┌─ Information supplied

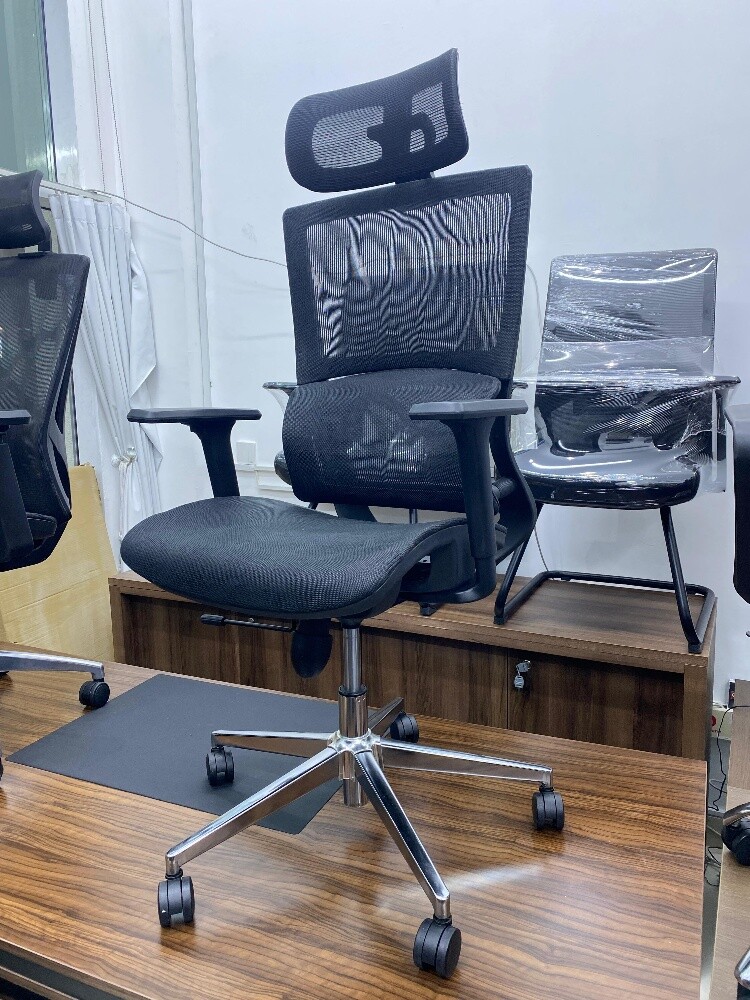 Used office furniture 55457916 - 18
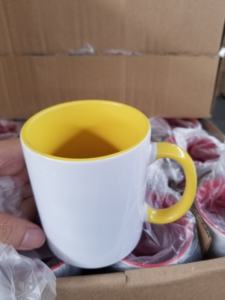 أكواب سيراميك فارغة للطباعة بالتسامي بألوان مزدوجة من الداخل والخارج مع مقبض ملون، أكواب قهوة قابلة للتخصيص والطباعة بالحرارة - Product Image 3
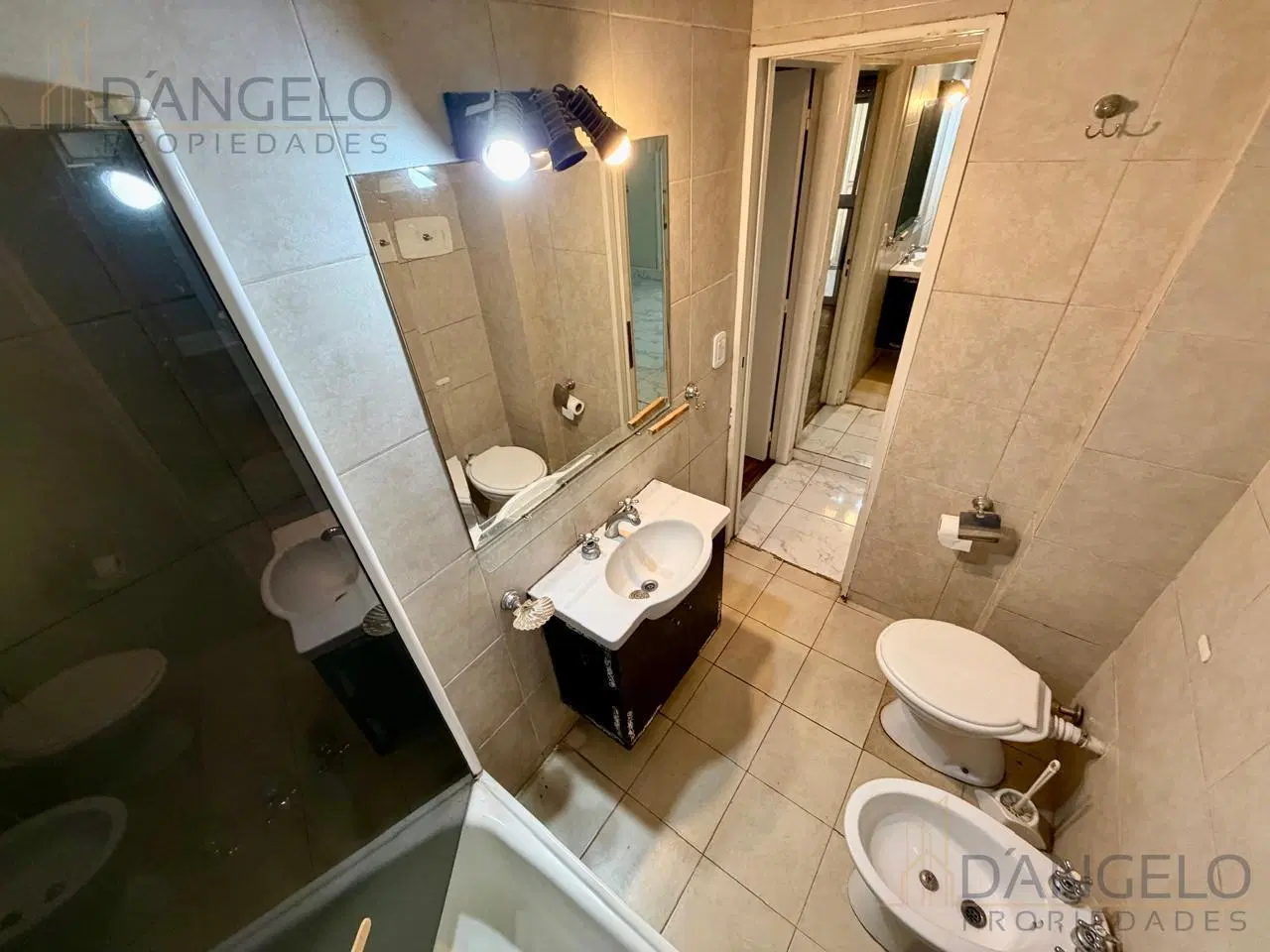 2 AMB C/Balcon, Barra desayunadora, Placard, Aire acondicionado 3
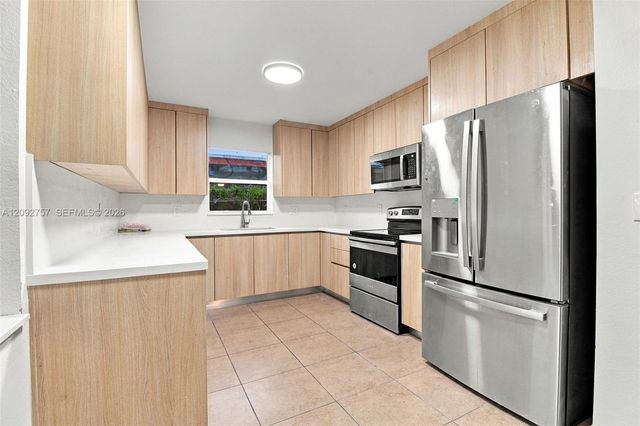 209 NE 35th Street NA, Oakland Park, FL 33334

└─

__How to complete this task__
Give an exact copy of the listing, without its pictures.

__Exercise solution__
 Used office furniture 55457916 - 18
 أكواب سيراميك فارغة للطباعة بالتسامي بألوان مزدوجة من الداخل والخارج مع مقبض ملون، أكواب قهوة قابلة للتخصيص والطباعة بالحرارة - Product Image 3
 2 AMB C/Balcon, Barra desayunadora, Placard, Aire acondicionado 3
 209 NE 35th Street NA, Oakland Park, FL 33334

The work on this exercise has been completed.